UBIFS bug: failure to read NNODE while initializing LPT on mount
Azar Gantus
Azar.Gantus at mobileye.com
Thu Mar 5 06:16:41 PST 2026
-----Original Message-----
From: Zhihao Cheng <chengzhihao1 at huawei.com>
Sent: Friday, February 27, 2026 10:35 AM
To: Azar Gantus <Azar.Gantus at mobileye.com>; linux-mtd at lists.infradead.org
Subject: Re: UBIFS bug: failure to read NNODE while initializing LPT on mount
EXTERNAL EMAIL: Do not click any links or open any attachments unless you trust the sender and know the content is safe.
在 2026/2/27 3:33, Azar Gantus 写道:
> Hi,
>
> I have a problem when mounting a UBIFS volume on a MIPS I6400-based board.
> The Linux version we are running is 4.19.124.
> I ran several MTD tests and no issues were found among multiple boards using the same HW/SW.
>
> The issue is that during mounting, when initializing the LPT, during ubifs_lpt_lookup, we attempt to read an NNODE
> And it cannot be read.
[...]
>
> I have not managed to replicate this issue, however, I think it is related to an early garbage collection of an LPT LEB that still contains live nodes.
> One such flow is this:
> 1. In ubifs_lpt_start_commit, if (c->check_lpt_free) evalutes to true and we begin clearing space.
I think the dirty nnodes come from ubifs_lpt_post_commit->lpt_gc (which
is called from last do_commit()). Because the 'c->check_lpt_free' branch
is accessed only in the first do_commit(), which can ensure dirty pnodes
greater than 0.
And I'm agree on the analysis of the remaining processes.
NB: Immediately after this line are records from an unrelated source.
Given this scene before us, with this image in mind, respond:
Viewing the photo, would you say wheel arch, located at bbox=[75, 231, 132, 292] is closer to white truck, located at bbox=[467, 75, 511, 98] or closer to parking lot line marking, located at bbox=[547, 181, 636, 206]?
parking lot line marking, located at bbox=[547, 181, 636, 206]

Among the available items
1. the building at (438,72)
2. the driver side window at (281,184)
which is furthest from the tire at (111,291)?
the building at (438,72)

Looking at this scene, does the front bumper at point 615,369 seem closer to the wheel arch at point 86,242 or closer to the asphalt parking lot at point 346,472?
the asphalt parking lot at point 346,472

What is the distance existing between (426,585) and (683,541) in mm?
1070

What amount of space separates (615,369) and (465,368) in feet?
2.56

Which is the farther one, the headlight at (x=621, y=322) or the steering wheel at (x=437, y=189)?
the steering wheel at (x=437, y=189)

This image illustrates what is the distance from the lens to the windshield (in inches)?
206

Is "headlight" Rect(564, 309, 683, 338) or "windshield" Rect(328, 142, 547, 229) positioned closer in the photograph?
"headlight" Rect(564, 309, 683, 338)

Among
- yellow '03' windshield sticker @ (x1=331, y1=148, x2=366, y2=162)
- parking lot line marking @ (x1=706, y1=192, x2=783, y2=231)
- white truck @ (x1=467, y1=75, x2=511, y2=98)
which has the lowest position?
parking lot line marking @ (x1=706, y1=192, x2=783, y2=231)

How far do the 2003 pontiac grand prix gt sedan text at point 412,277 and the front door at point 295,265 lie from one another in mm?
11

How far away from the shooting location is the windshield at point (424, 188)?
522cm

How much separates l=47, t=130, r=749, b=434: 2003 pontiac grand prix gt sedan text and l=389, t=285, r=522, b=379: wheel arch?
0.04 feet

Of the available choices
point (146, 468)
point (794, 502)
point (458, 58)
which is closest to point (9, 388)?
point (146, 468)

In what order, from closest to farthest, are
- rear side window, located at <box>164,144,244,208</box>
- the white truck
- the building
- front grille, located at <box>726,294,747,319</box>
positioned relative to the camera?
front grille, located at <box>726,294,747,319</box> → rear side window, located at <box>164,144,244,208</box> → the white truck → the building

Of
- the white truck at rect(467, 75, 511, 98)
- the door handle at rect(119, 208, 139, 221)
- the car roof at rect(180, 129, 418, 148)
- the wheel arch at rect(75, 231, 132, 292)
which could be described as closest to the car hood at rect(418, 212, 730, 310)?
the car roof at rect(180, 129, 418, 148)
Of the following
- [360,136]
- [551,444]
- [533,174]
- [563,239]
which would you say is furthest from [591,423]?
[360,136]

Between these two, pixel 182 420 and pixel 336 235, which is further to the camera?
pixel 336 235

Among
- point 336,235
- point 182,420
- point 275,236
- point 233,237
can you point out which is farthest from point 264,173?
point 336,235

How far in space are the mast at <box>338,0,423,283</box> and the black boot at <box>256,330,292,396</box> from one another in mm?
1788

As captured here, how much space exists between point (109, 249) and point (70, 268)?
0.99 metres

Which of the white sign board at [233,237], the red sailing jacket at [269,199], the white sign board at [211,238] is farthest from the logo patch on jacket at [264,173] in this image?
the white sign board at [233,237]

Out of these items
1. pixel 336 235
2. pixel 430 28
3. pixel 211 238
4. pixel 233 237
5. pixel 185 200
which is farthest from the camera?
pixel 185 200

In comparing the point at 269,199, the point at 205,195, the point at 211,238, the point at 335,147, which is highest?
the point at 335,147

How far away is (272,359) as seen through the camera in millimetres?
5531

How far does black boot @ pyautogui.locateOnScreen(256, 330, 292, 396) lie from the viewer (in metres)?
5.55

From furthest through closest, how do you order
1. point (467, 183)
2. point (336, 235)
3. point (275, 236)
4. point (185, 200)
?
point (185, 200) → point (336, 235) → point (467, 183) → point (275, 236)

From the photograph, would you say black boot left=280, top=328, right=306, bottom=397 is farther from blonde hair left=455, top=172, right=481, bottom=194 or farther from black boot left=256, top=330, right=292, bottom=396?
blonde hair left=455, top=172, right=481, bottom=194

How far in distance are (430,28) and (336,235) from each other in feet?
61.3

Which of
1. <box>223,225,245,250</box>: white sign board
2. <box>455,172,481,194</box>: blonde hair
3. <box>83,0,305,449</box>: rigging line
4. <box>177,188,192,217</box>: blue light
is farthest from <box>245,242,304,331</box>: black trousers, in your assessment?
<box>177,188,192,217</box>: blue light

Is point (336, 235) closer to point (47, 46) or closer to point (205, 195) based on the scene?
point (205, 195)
> 2. We call on lpt_gc(…) and it selects the victim LEB, LEB X. LEB X contains LSAVEs, LTABs, NNODEs and PNODEs.
> In this LPT LEB X, only one NNODE is live, and the rest of the nodes are obsolete. We call lpt_gc_num(…, X).
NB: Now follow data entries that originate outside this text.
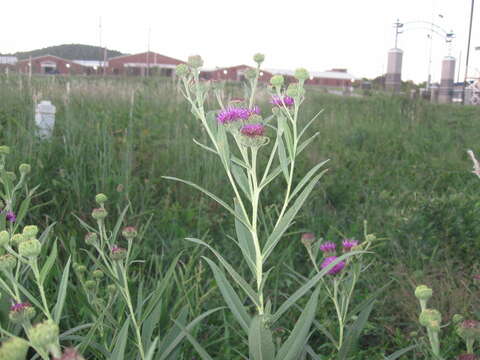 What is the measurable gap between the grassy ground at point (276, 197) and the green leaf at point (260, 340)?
810 millimetres

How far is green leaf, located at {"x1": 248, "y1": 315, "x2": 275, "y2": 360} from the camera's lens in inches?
33.9

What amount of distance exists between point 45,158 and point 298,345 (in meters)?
2.97

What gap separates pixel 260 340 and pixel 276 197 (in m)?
2.53

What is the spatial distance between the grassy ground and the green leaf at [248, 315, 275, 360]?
81cm

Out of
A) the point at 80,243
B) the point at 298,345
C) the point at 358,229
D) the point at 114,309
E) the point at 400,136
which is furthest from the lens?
the point at 400,136

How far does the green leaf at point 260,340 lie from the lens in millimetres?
860

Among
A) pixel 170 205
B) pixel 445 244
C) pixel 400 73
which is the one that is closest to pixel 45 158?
pixel 170 205

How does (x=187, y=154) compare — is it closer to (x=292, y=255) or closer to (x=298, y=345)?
(x=292, y=255)

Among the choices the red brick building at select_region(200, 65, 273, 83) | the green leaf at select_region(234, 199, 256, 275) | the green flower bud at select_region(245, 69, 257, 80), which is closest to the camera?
the green leaf at select_region(234, 199, 256, 275)

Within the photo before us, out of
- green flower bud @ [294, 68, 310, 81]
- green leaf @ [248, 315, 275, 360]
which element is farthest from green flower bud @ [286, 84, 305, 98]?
green leaf @ [248, 315, 275, 360]

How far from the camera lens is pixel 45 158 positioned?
11.2 feet

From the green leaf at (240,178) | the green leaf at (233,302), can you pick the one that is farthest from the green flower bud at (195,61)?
the green leaf at (233,302)

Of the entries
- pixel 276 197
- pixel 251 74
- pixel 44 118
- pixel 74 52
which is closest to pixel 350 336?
pixel 251 74

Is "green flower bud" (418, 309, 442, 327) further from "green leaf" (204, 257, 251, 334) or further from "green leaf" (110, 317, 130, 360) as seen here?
"green leaf" (110, 317, 130, 360)
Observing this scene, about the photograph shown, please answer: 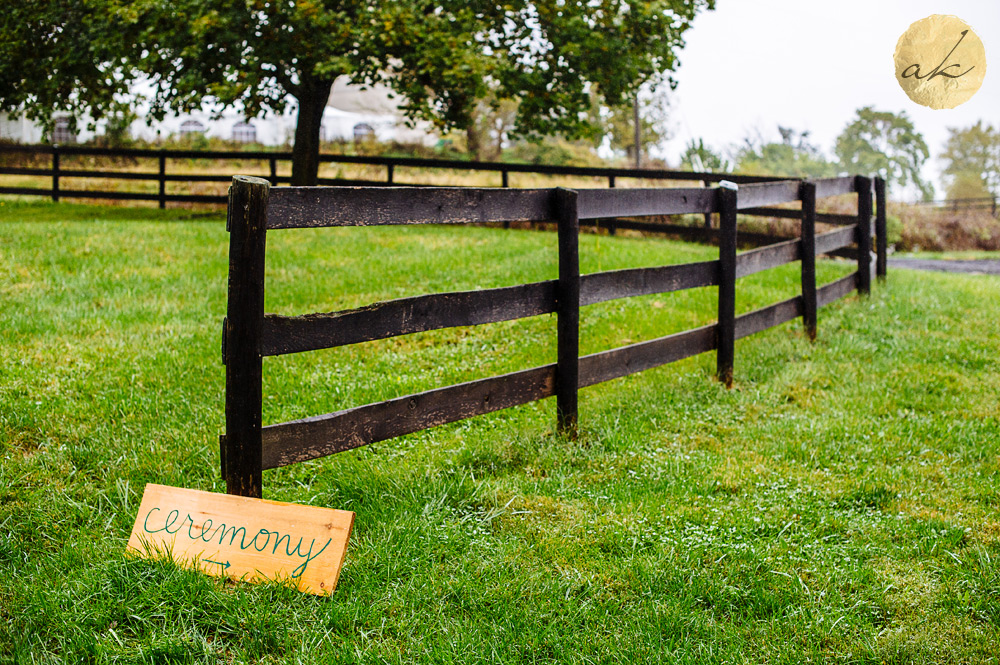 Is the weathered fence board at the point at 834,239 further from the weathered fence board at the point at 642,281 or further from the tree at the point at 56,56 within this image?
the tree at the point at 56,56

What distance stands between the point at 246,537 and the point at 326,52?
45.9 feet

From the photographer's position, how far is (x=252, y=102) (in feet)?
53.4

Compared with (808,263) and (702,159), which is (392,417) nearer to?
(808,263)

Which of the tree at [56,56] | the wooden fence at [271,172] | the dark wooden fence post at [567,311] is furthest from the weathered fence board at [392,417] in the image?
the tree at [56,56]

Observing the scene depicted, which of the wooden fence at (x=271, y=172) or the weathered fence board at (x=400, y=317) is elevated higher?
the wooden fence at (x=271, y=172)

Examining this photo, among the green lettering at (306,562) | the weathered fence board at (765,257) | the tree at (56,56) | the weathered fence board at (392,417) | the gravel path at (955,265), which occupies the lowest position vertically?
the green lettering at (306,562)

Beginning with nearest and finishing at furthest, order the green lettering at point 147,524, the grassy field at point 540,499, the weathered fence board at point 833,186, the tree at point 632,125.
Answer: the grassy field at point 540,499 → the green lettering at point 147,524 → the weathered fence board at point 833,186 → the tree at point 632,125

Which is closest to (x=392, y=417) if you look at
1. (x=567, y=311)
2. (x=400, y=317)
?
(x=400, y=317)

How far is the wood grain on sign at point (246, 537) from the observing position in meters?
3.07

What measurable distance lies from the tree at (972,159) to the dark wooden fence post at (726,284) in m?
43.2

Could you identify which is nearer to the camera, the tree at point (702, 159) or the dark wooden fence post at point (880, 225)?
the dark wooden fence post at point (880, 225)

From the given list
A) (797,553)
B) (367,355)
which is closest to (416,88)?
(367,355)

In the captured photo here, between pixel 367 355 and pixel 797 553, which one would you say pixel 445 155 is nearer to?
pixel 367 355

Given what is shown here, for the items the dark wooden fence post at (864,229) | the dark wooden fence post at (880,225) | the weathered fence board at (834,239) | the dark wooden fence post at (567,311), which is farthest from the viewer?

> This live NNODE is connected to other live NNODEs or PNODEs found on another LPT LEB.
> 3. We run over every node in LPT LEB X, and since we mark the singular live NNODE as dirty. This does not increment c->dirty_pn_cnt.
> 4. LPT LEB X gets marked for trivial GC in ubifs_lpt_start_commit -> lpt_gc_start.
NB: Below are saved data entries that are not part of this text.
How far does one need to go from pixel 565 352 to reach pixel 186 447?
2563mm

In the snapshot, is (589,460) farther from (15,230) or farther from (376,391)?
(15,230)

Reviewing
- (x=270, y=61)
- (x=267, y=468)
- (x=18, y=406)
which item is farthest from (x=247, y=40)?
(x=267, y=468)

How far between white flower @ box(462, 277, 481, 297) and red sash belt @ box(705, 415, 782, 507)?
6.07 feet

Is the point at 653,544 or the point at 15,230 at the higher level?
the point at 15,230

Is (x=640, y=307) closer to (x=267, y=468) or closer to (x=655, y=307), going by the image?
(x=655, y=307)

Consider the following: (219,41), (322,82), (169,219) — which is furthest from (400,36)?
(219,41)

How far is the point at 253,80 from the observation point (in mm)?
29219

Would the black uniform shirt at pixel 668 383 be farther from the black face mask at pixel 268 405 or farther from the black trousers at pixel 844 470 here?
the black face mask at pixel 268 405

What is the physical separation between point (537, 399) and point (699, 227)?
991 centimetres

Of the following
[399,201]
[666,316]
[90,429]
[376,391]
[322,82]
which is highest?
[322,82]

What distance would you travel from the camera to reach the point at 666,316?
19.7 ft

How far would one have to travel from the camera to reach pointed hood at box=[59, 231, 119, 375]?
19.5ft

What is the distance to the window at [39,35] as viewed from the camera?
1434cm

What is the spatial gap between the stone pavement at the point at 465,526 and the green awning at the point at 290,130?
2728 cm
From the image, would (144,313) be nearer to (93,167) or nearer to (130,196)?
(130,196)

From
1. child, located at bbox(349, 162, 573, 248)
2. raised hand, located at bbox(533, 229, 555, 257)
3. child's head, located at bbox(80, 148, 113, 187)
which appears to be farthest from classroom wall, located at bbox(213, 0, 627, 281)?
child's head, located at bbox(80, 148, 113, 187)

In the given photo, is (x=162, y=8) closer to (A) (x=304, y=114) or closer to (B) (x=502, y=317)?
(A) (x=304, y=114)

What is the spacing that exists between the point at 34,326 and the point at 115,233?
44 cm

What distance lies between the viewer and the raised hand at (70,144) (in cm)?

> 5. Since we did not increment c->dirty_pn_cnt, we hit the early return in ubifs_lpt_start_commit,
> and we don't proceed to do get_cnodes_to_commit, or layout_cnodes.
> 6. Post commit, we have a live NNODE on a LPT LEB X, despite it having been garbage collected.
> On the next start up, when initializing the LPT, LPT LEB X is unmapped, but the master still thinks there's a live NNODE at some offset there.
> Alternatively, it can be allocated again after garbage collection,
> and we might be pointing to incorrect data (the middle of some other, live data), or in the worst case, an actual live NNODE that is not the original.
>
> Is there anything that stops this flow from happening on rare occasions, or can this flow not even happen at all?
> I would appreciate your help regarding the issue, and the flow described above.
I have started a program and try to reproduce it, and I think it is hard
to trigger the problem, it is hard to make dirty pnode be 0 and dirty
nnode be non-zero:
diff --git a/fs/ubifs/commit.c b/fs/ubifs/commit.c
index 5b3a840098b0..505d5fb409d2 100644
--- a/fs/ubifs/commit.c
+++ b/fs/ubifs/commit.c
@@ -105,6 +105,8 @@ static int nothing_to_commit(struct ubifs_info *c)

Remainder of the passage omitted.